Ein 38-Jähriger hat mit drei Komplizen 450 000 Euro erbeutet, bis ihm die Polizei eine Falle stellte. Vor Gericht brachte der Angeklagte auch den Staatsanwalt in einen Zwiespalt.

Stuttgart - Dass er als angeblicher Polizist ältere Menschen um ihr Vermögen prellte, bezeichnete der Angeklagte vor Gericht als „Dummheit“. Nach einem Geständnis geht es nur noch um das Strafmaß.

 

Die Masche war stets die gleiche. Ältere, meist alleinstehend wohnende Bürger bekamen einen Anruf von einer vermeintlichen Polizeibehörde. Diese gaukelte vor, dass die Hausbewohner einen Einbruch einer aus Rumänien stammenden Bande zu befürchten hätten, weil Name und Adresse auf einer Liste entdeckt worden seien. Aus Sicherheitsgründen sollten die bedrohten Senioren Schmuck und Bargeld von einem Zivilbeamten vorübergehend abholen lassen, um die Wertgegenstände in Sicherheit zu bringen.

Anrufe kamen aus Izmir

Zwischen April und Juni 2018 fielen sieben Personen auf das falsche Spiel herein. Zweimal scheiterte der Coup, aber in fünf Fällen war die aus vier Personen bestehende kriminelle Vereinigung erfolgreich. Dabei wurden rund 450 000 Euro erbeutet. Der größte Batzen fiel in Stuttgart an. Eine 78-jährige Frau aus dem Sillenbucher Stadtteil Riedenberg war durch einen Anruf so verunsichert worden, dass sie bereit war, einem angekündigten Polizisten ihren hochwertigen Schmuck zur Sicherung zu übergeben. Am 13. April ließ die Seniorin von dem angeblichen Beamten zur vermeintlichen Spurensicherung Bilder von über 70 Schmuckstücken machen, ehe der Mann mit einem Stoffbeutel und dem 300 000 Euro wertvollen Inhalt entschwand. Dieser ging aber nicht zur Polizeibehörde, sondern wurde am nächsten Tag am Flughafen Hannover über eine Frau in die Türkei geschleust. Und damit zum Ursprung des Verbrechens, kamen doch die einleitenden Anrufe alle aus einem Callcenter in Izmir.

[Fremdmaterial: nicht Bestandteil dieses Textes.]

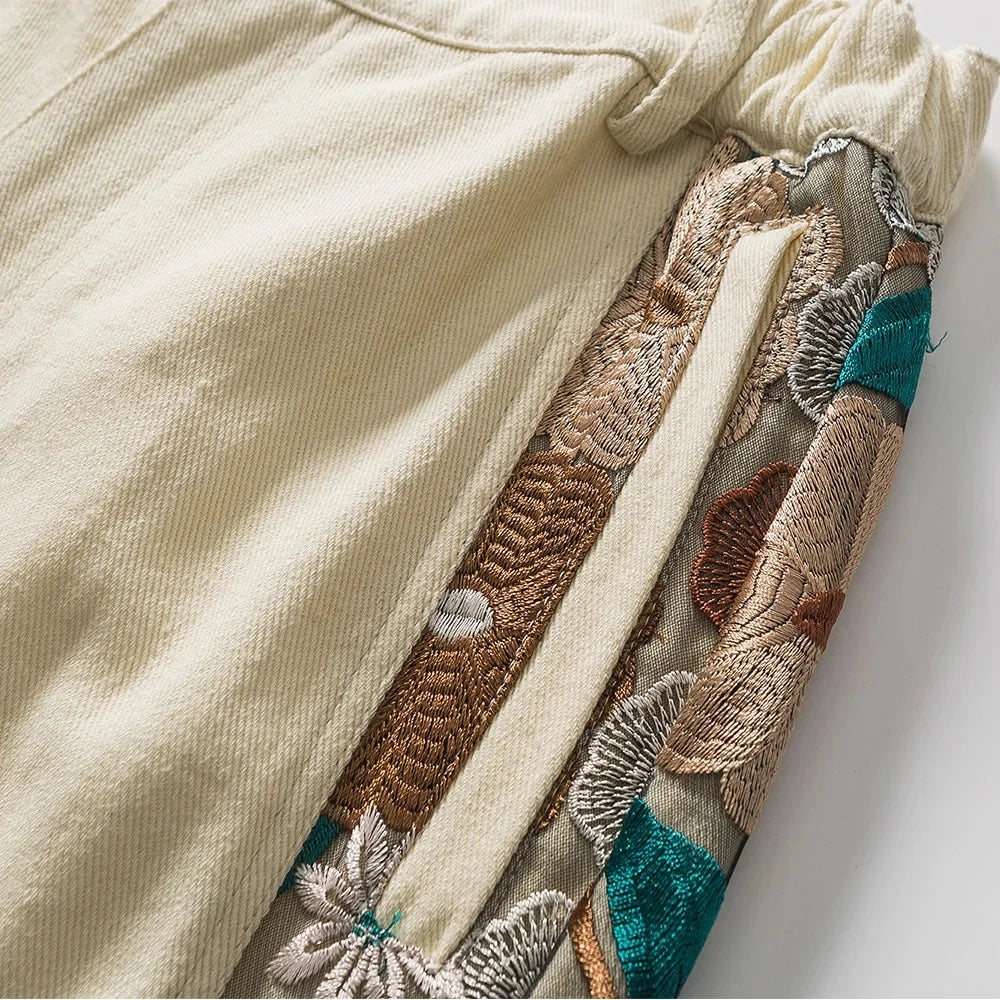 "THE MEADOW" - Japanese Streetwear Anime Embroider Shorts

Am 4. Juni tappten die Betrüger in Hannover auf frischer Tat in eine Falle der echten Polizei, nachdem diese Wind bekommen und einen Zusammenhang zwischen Straftaten in Pforzheim (zwei Fälle), Hamburg (drei) und eben jener in Stuttgart herstellen konnte. Seit 1. Oktober sitzt der falsche Polizist in Untersuchungshaft. Der 38-Jährige musste sich nun vor der 8. Strafkammer des Stuttgarter Landgerichts für gewerbs- und bandenmäßigen Betrug verantworten.

Angeklagte ist ein „grundsympathischer Mensch“

Der gebürtige Libanese, mit neun Jahren nach Salzgitter gekommen und seit 2010 deutscher Staatsbürger, präsentierte sich den Behörden bereits bei den Vernehmungen als in hohem Maß geständig und kooperativ, was die Aufdeckung von Tathergängen und Hintermännern betrifft. Nicht anders vor Gericht: Eine zeitraubende Beweisaufnahme konnte stark abgekürzt werden, indem der Beschuldigte die verlesene Anklageschrift sogleich als „inhaltlich zutreffend“ bezeichnete.

Schon nach kaum 60 Minuten Verhandlung durften Staatsanwalt und Verteidiger in ihren Plädoyers ihre Vorstellungen eines gerechten Strafmaßes darlegen. Staatsanwalt Scheck machte aus seinem „Zwiespalt“ keinen Hehl. Auf der einen Seite ein „grundsympathischer Mensch“, der selber nur einen Bruchteil (10 000 Euro) der Beute abbekam, noch nie vorbestraft war, ein familiär und beruflich stabiles Umfeld besitze und geständig sei. Andererseits aber doch ein Täter, mitverantwortlich für eine Strafserie mit hoher Geldsumme. Scheck verlangt viereinhalb Jahre Haft. Verteidiger Holoch sieht „keine Flucht-, Wiederholungs- und Verdunklungsgefahr“ beim Angeklagten und beantragte beim Gericht, die „höchstens drei Jahre Haft“ außerhalb von Gefängnismauern verbüßen zu können. Das Urteil wird an diesem Mittwoch gesprochen.